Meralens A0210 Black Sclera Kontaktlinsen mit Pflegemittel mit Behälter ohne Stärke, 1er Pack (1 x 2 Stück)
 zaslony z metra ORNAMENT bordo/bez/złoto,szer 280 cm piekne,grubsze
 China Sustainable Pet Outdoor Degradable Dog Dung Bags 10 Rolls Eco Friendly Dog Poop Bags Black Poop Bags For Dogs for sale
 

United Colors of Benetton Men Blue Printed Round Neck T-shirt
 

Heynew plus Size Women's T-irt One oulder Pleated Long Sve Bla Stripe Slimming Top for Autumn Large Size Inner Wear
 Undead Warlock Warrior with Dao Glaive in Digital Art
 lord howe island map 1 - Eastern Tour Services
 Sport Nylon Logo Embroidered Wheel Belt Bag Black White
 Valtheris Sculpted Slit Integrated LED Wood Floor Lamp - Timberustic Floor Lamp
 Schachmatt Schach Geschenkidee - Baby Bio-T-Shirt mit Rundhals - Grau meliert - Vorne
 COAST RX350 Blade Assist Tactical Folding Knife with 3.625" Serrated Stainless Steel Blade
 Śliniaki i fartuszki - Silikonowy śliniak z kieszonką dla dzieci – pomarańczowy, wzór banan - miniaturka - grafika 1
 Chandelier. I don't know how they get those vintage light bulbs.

***

What you need to do:
Word for word, write out every record.

Solution to this task:
Meralens A0210 Black Sclera Kontaktlinsen mit Pflegemittel mit Behälter ohne Stärke, 1er Pack (1 x 2 Stück)
 zaslony z metra ORNAMENT bordo/bez/złoto,szer 280 cm piekne,grubsze
 China Sustainable Pet Outdoor Degradable Dog Dung Bags 10 Rolls Eco Friendly Dog Poop Bags Black Poop Bags For Dogs for sale
 

United Colors of Benetton Men Blue Printed Round Neck T-shirt
 

Heynew plus Size Women's T-irt One oulder Pleated Long Sve Bla Stripe Slimming Top for Autumn Large Size Inner Wear
 Undead Warlock Warrior with Dao Glaive in Digital Art
 lord howe island map 1 - Eastern Tour Services
 Sport Nylon Logo Embroidered Wheel Belt Bag Black White
 Valtheris Sculpted Slit Integrated LED Wood Floor Lamp - Timberustic Floor Lamp
 Schachmatt Schach Geschenkidee - Baby Bio-T-Shirt mit Rundhals - Grau meliert - Vorne
 COAST RX350 Blade Assist Tactical Folding Knife with 3.625" Serrated Stainless Steel Blade
 Śliniaki i fartuszki - Silikonowy śliniak z kieszonką dla dzieci – pomarańczowy, wzór banan - miniaturka - grafika 1
 Chandelier. I don't know how they get those vintage light bulbs.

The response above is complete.